The $100 That Cost Everything
By Tuesday I was at $1,200 across all five accounts trading 2MES.
That number matters because three weeks ago I was rebuilding from scratch. The Trump-Iran news hit around 7am Monday, ES spiked over 200 points in five minutes, and I was positioned right. $1,200 became $1,400 by the middle of the week. I should have closed the laptop and gone to bed.
Instead, at 6pm Wednesday, when the market reopened after close, I went back in.
The target was $1,500 per account. One hundred dollars more per account. That was the number I decided was worth staying up for.

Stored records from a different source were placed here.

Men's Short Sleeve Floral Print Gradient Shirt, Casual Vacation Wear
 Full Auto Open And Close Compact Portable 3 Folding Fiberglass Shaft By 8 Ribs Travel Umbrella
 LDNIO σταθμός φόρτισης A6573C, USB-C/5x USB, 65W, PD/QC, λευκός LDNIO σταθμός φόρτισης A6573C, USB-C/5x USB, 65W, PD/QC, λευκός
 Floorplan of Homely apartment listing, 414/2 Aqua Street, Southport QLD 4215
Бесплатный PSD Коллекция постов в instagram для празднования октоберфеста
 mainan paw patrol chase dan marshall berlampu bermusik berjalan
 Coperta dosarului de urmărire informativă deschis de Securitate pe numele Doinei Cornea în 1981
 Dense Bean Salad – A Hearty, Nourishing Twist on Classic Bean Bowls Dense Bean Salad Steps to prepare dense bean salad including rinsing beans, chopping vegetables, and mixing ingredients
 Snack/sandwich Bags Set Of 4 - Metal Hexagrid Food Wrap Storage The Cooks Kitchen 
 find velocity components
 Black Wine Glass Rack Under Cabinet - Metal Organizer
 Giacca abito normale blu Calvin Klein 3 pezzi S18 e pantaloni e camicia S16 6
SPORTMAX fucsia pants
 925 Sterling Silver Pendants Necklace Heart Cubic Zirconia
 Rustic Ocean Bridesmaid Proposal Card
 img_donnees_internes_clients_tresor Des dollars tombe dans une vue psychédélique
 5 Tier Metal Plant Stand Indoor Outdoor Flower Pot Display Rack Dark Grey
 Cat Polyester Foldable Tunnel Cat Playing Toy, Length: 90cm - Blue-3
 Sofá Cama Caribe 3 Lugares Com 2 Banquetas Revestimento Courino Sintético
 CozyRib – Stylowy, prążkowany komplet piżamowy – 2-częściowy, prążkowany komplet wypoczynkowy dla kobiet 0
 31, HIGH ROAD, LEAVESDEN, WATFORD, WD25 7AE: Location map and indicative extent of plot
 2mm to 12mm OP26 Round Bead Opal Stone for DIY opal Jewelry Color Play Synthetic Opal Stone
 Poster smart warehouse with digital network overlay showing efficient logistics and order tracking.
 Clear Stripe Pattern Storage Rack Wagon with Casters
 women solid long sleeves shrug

The first couple of trades didn’t go the right way. Then the spiral started. I stayed at the screen from 6pm EST trying to claw it back, adjusting, re-entering, and somewhere in there I switched from 2MES to 1ES because I wanted to finish it faster and get to bed. That switch made everything worse. By 5am Thursday morning all five accounts were blown.
I took the day off work. Headache, no sleep, twelve hours of staring at a screen with nothing to show for it except five blown accounts and a restock order for five new evaluation accounts.
Friday I bought the new evaluations and started again, back to the rules.
Two of my five Behavioral KPIs got broken that night. Trading Time and Contract Size.
What’s strange is that I don’t have a clean explanation for why. I could say I needed the money but that’s not true. There’s no hidden pressure I can point to. I knew the rules. I broke them anyway and kept going deeper into a hole I dug voluntarily.
The contract size shift is what finished me. If I had stayed on 2MES I would still have the accounts, probably with a real drawdown but intact. Switching to 1ES in the middle of a spiral, at around 2am, because I wanted to move faster and go to bed, that’s not a trade decision. That’s desperation logic.
I’ve broken the contract size rule three times in the past month. Three times sounds like a small number until you realize once is enough to blow everything, which is exactly what happened.
The KPI system is doing its job in one sense. I can see the pattern. I can track when the rule breaks and look at it clearly afterward. But the contract size rule as it was written had a flaw.
It said: stick to your pre-defined contract size.
That’s not specific enough. Pre-defined can shift under pressure, apparently. It shifted in the early hours of Thursday morning.
So the rule is changing. Contract size is now MES. Not “pre-defined.” Not “appropriate for conditions.” MES. That’s the only answer on the KPI going forward. Yes or No.